Sunday sees a tenth-anniversary screening of The Other Side, a deeply unsettling nonfiction portrait of an Obama-hating ex-con trying to pull his life back together while the armed right-wingers in his community rehearse for the ultimate insurrection. In the immediate wake of the first election of Donald Trump, this was the film many blue-state cinephiles were telling each other they had to see in order to begin to grasp what had just happened.

In December 2016, Minervini himself wrote in Cinema Scope that he was surprised that Trump hadn’t won “by a larger margin than he actually did.” Minervini had spent a few years embedded with “the Southern militia” and warned that “the surge of these movements is no fluke, nor is it a passing trend. In fact, their key principles—xenophobia, homophobia, misogyny, an undying pride in family values and heroism, and the fear of a strong central government—are deeply engraved in the collective unconscious of conservative America.”

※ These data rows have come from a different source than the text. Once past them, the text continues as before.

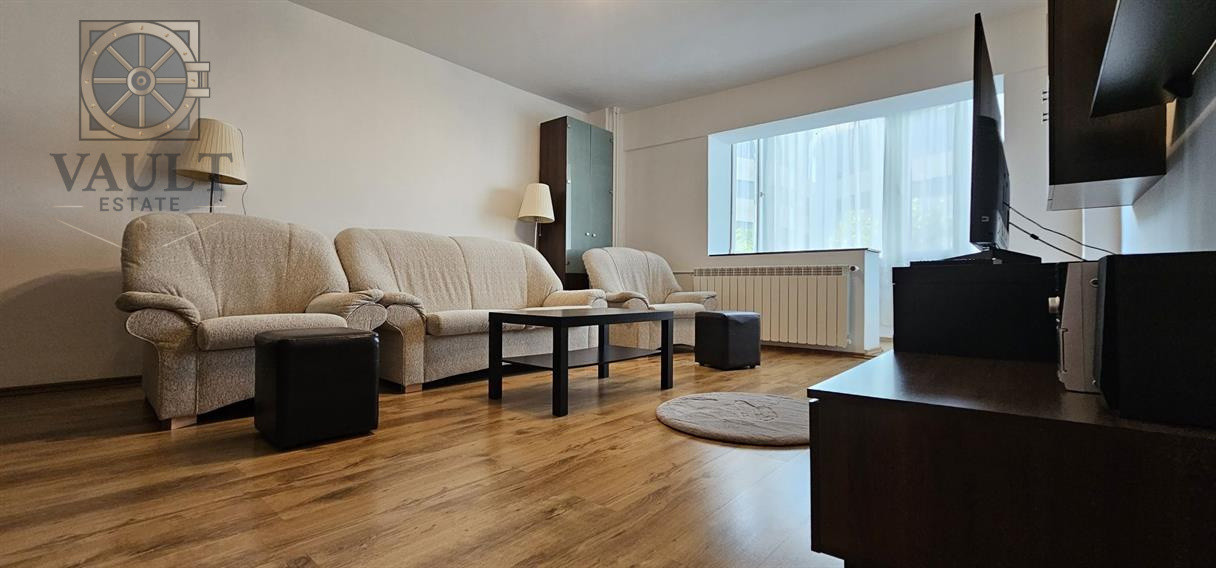 Apartament 2 camere - 2 minute metrou Unirii 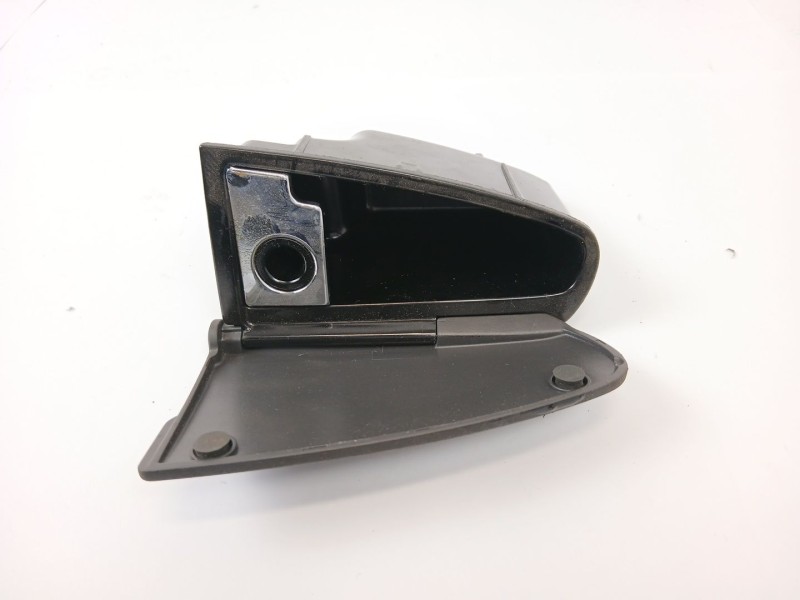 Recambio de cenicero para volkswagen golf v (1k1) 1.9 tdi referencia OEM IAM 1K4857309  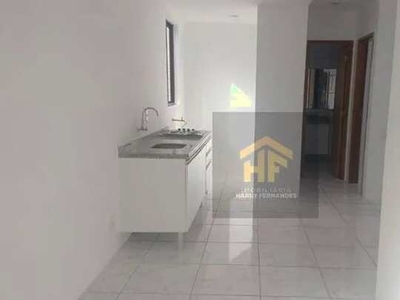Apartamento com 2 Quartos para alugar em Boa Viagem - Recife/PE
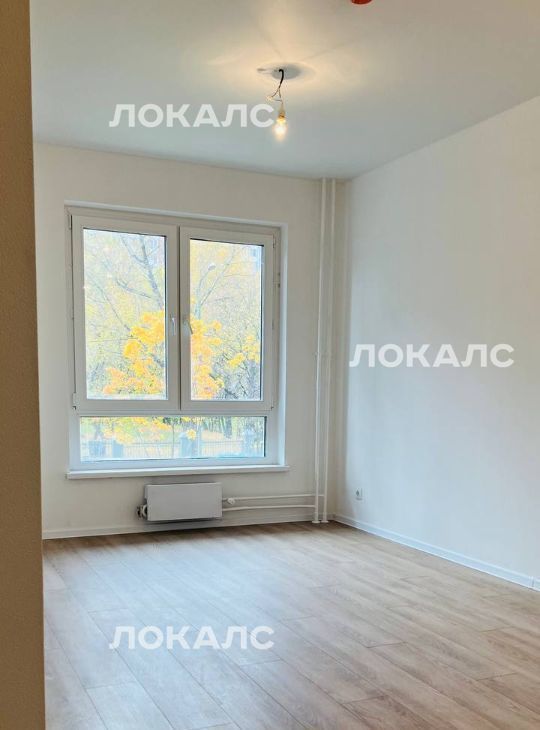 Аренда 1-комнатной квартиры на Кольская улица, 8к1, метро Свиблово, г. Москва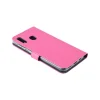 Samsung A30 pink színben Fliptok - 2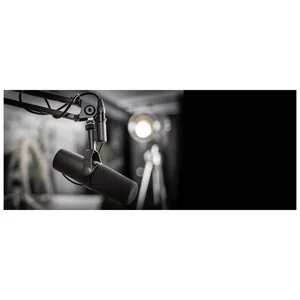 Shure SM 7 B Podcast Bundle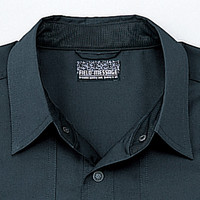 自重堂　制服百科　長袖シャツ　アースグリーン　５Ｌ　47304（直送品）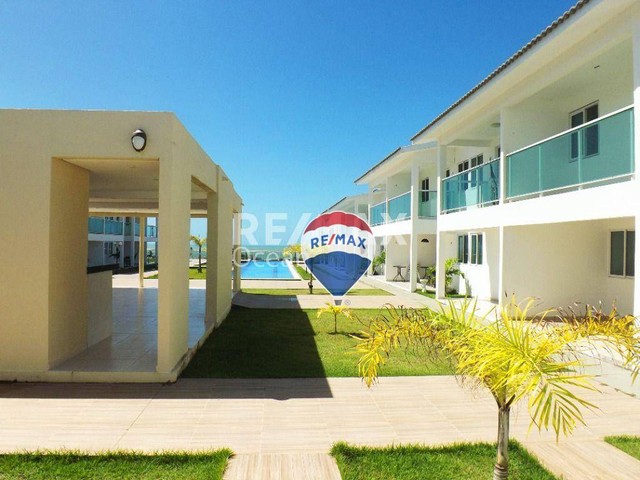 Bangalô com 3 dormitórios à venda, 93 m² por R$ 295.000,00 - Jacumã - Conde/PB - Foto 6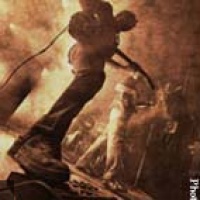 Kaly Live dub en concert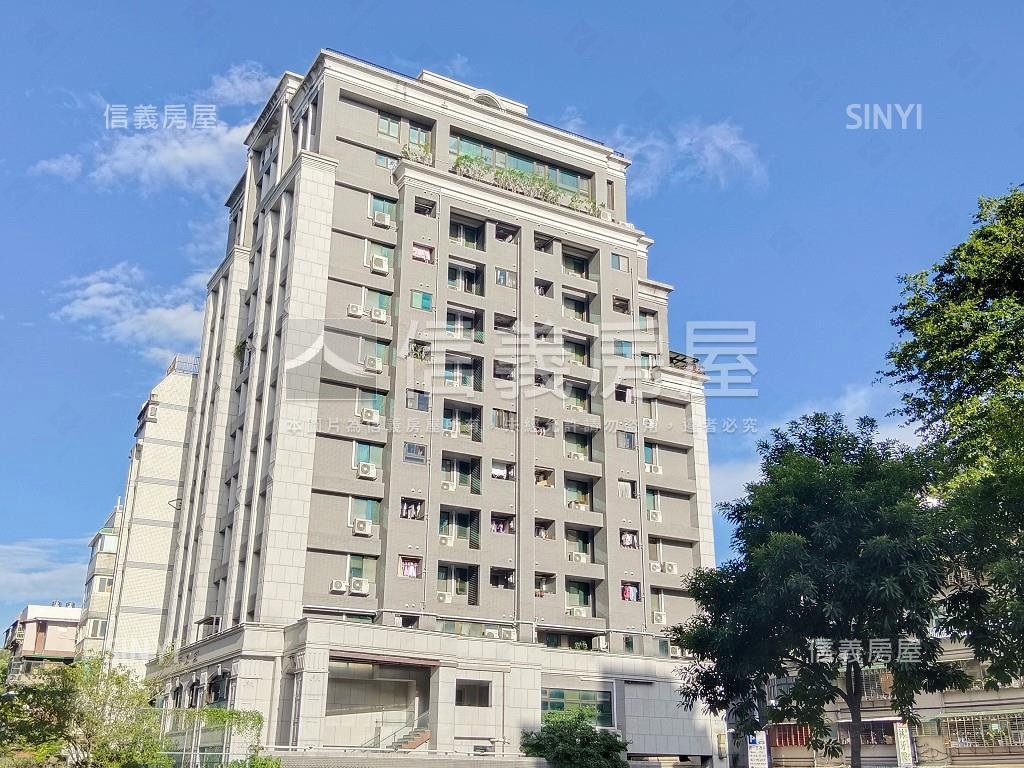 近文德站湖水裔靓兩房車位房屋室內格局與周邊環境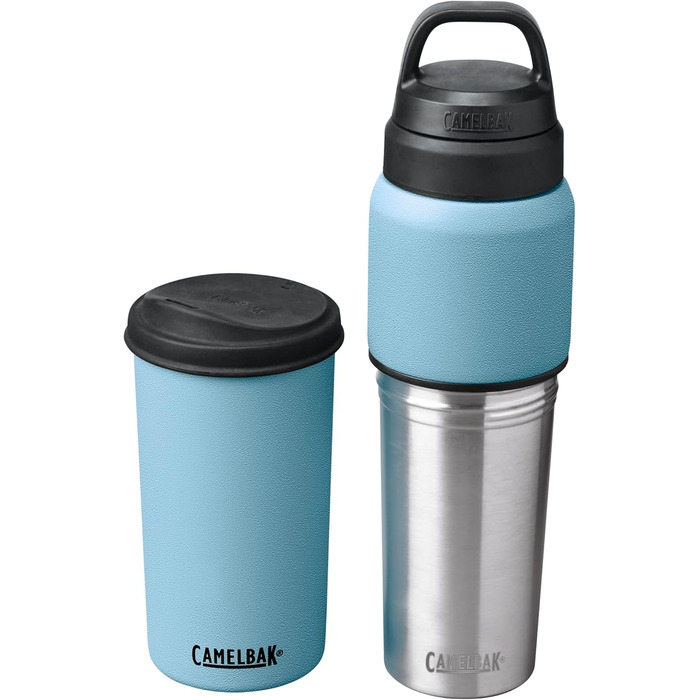 Термос CAMELBAK Multibev, 650 мл, Blue Sunset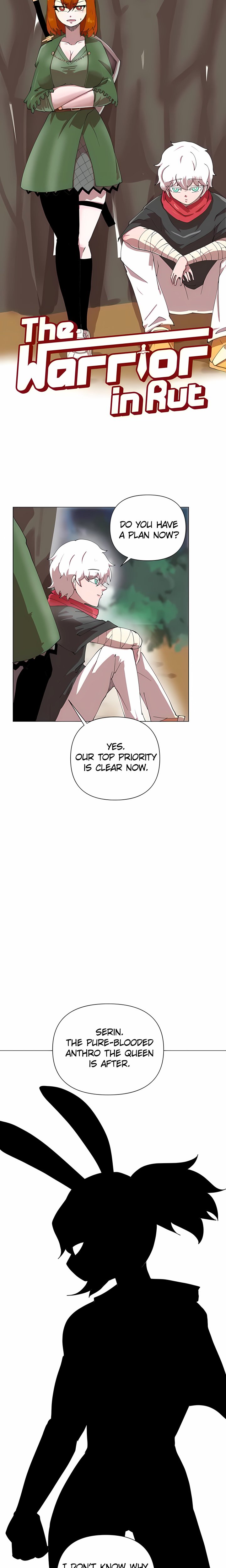 The Warrior in Rut Chapter 49 - Page 4
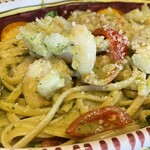 イタリアン・ガレージ - 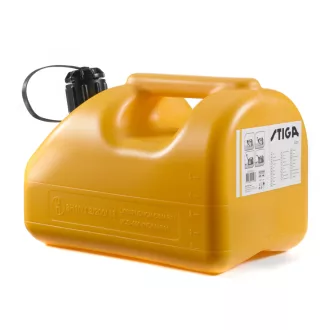 STIGA üzemanyagkanna 5L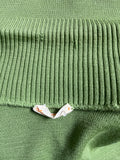 Lovely 1950’s Pea Green Cardigan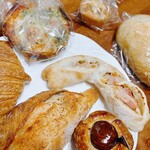 cocon3 - ペッパーチーズベーコンは、マストだよ！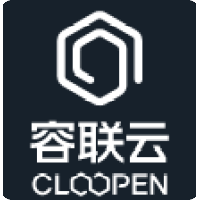 容联云通讯 Logo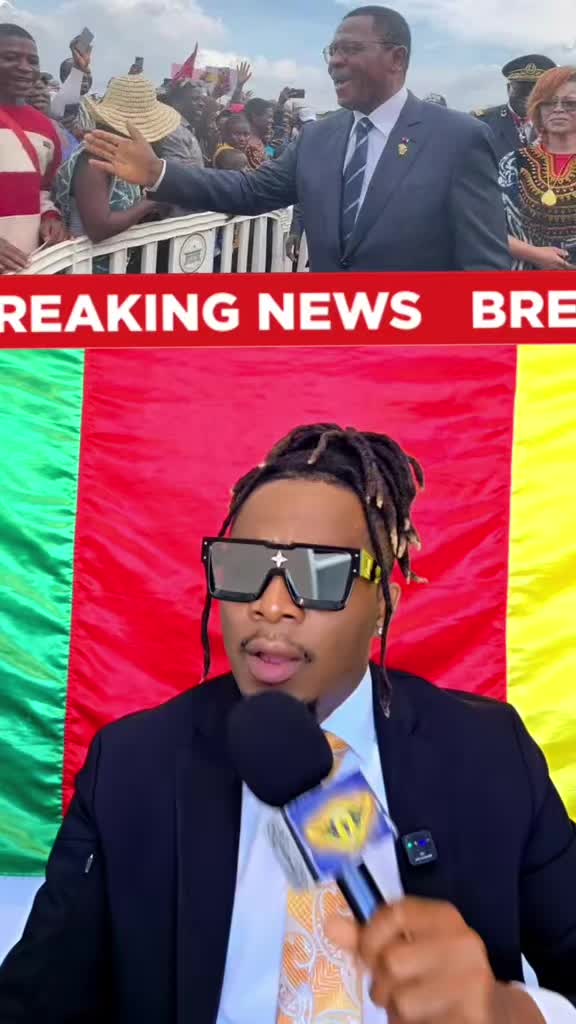 @Lee Blake 🇨🇲🇺🇸
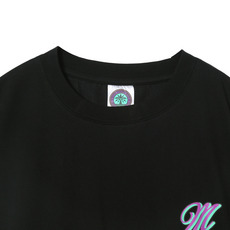 BSW半袖BIG Tシャツ(バンダナ柄) 詳細画像
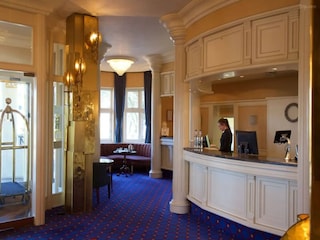 Vakantiehuis Wandsworth Kenmerken 15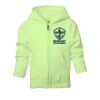 Infant Nantucket Fleece Full Zipper Hoodie Thumbnail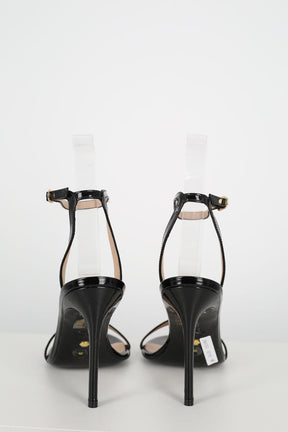 Talons Stuart Weitzman  Noir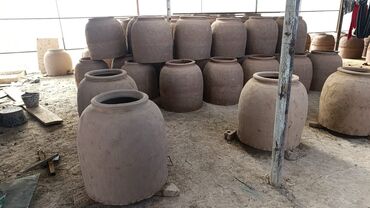 Очок: Тандыры Больше 6 лет опыта — 28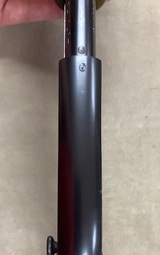 Winchester Mod 61 .22 cal. - minty - circa 1933 - 11 of 14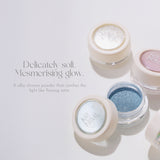 Mr Nail Aurora Satin Chrome Powder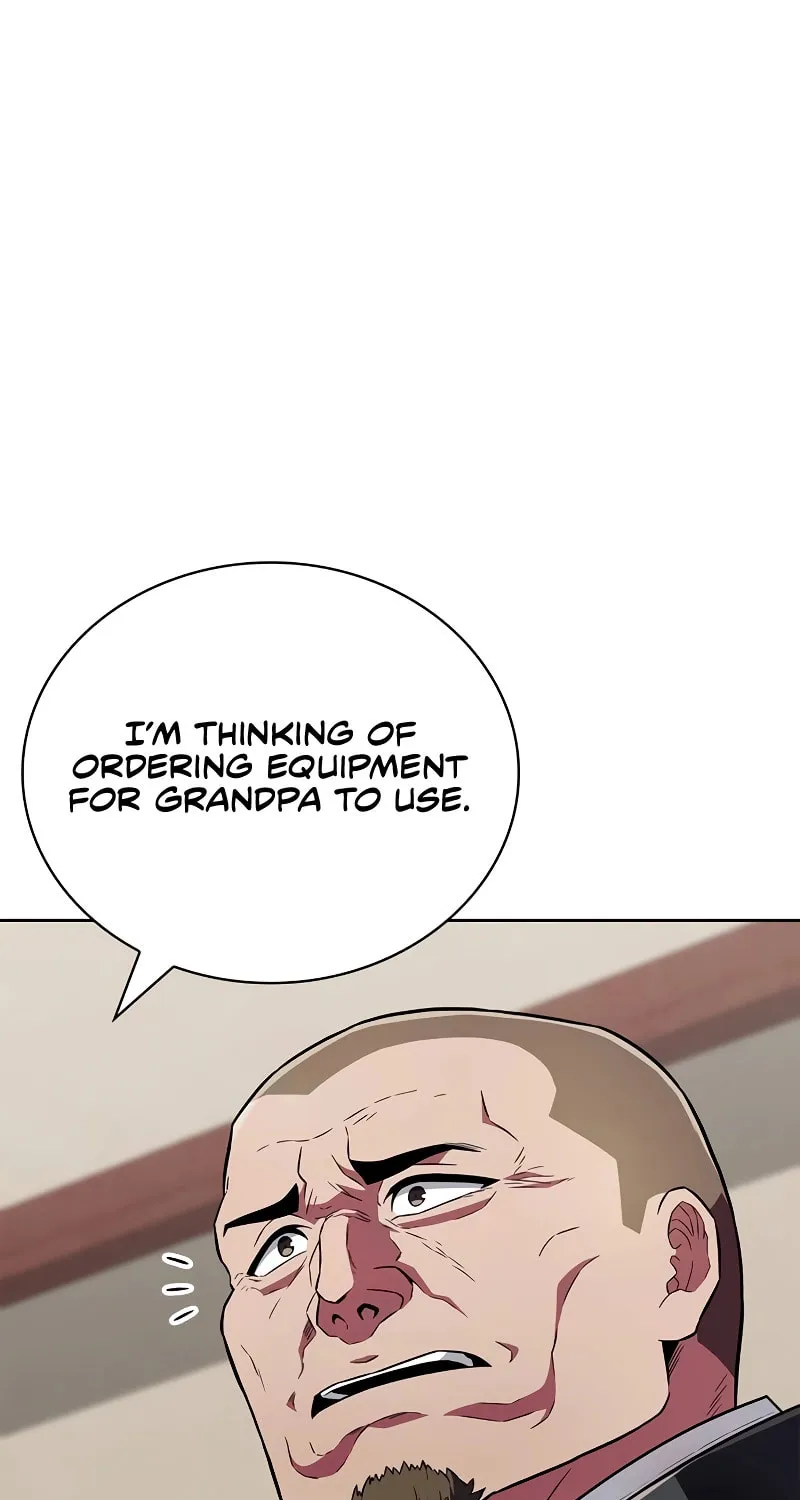 Read Genius Martial Arts Trainer chapter 28 image 33 on Lezhin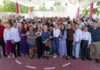 Equipan seis centros DIF PILARES en Quintana Roo para ampliar servicios comunitarios Centros DIF PILARES Cancún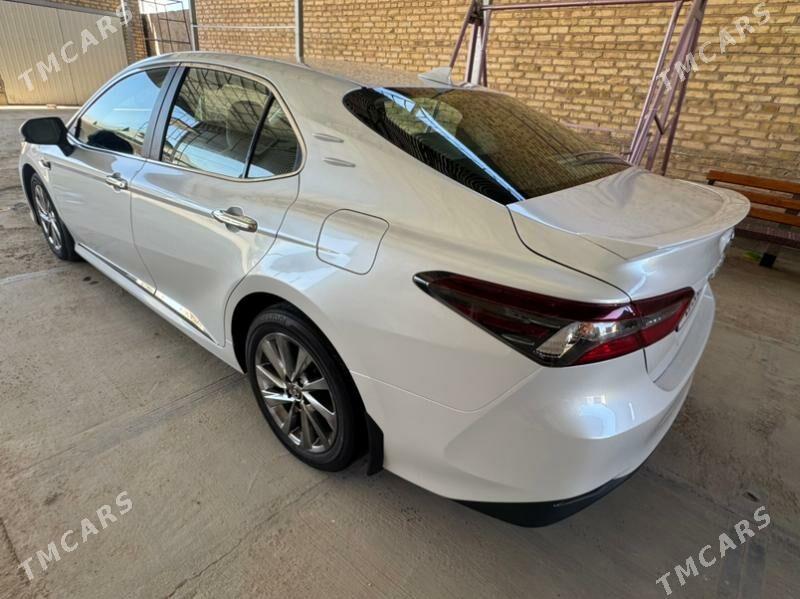 Toyota Camry 2021 - 310 000 TMT - Mary - img 5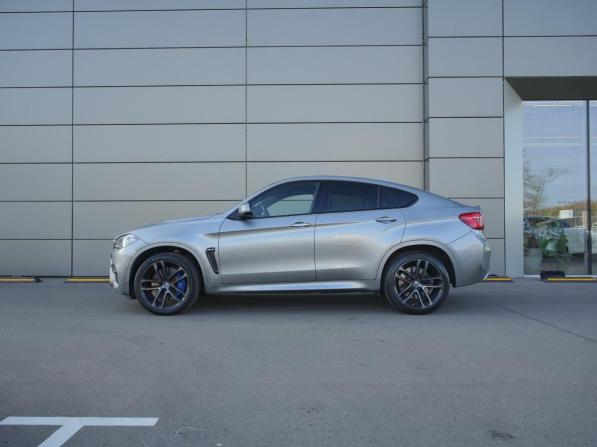 BMW X6 M II (F86) с пробегом 2018 года, цена 4 150 000 рублей, 139100 км, внедорожник, Автокод Объявления
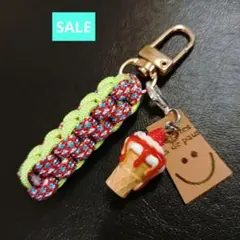 SALEチャーム キャット カラフル スペース 猫PVCキャラクターキーホルダー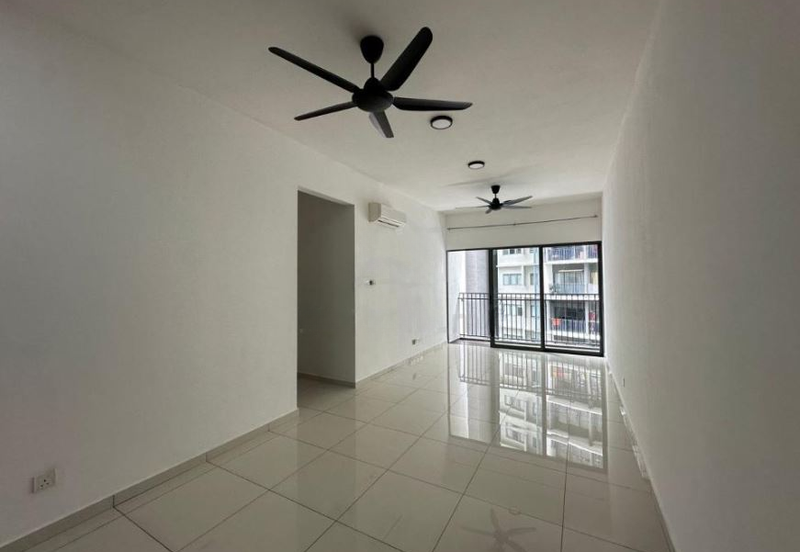 Seasons Garden Residences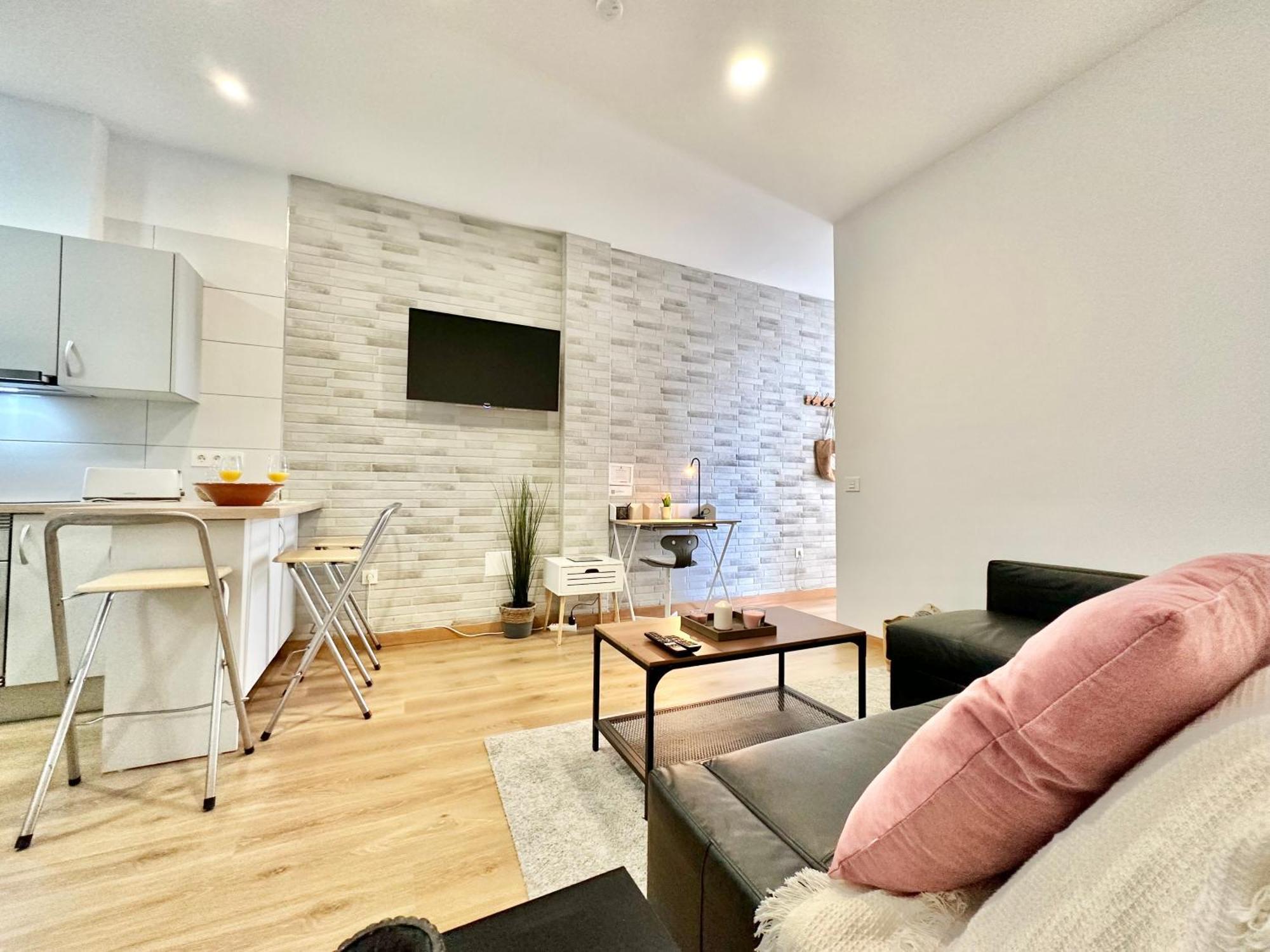 Appartement Casita Noctiluca Santa Cruz de Tenerife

During the Q&A following Sunday’s screening, Screen’s Tim Grierson will have the opportunity to ask Minervini about how his views of America’s great divide have (or have not) evolved over the past decade. Throughout the retrospective, the seventh edition of the ongoing publication series Textur will be available. The volume edited by Eva Sangiorgi and James Lattimer features a conversation between Minervini and filmmaker Michelangelo Frammartino as well as essays on Minervini’s work from former Cinema Scope editor Mark Peranson, filmmaker Payal Kapadia, and curator Rachael Rakes.

Notebook is running an excerpt in which Jessica Sarah Rinland writes about Low Tide (2012), Minervini’s second feature in which a twelve-year-old (Daniel Blanchard) wanders a small Texas town, running errands and caring for his addict mother (Melissa McKinney). Low Tide will screen on June 21 with Stop the Pounding Heart (2013).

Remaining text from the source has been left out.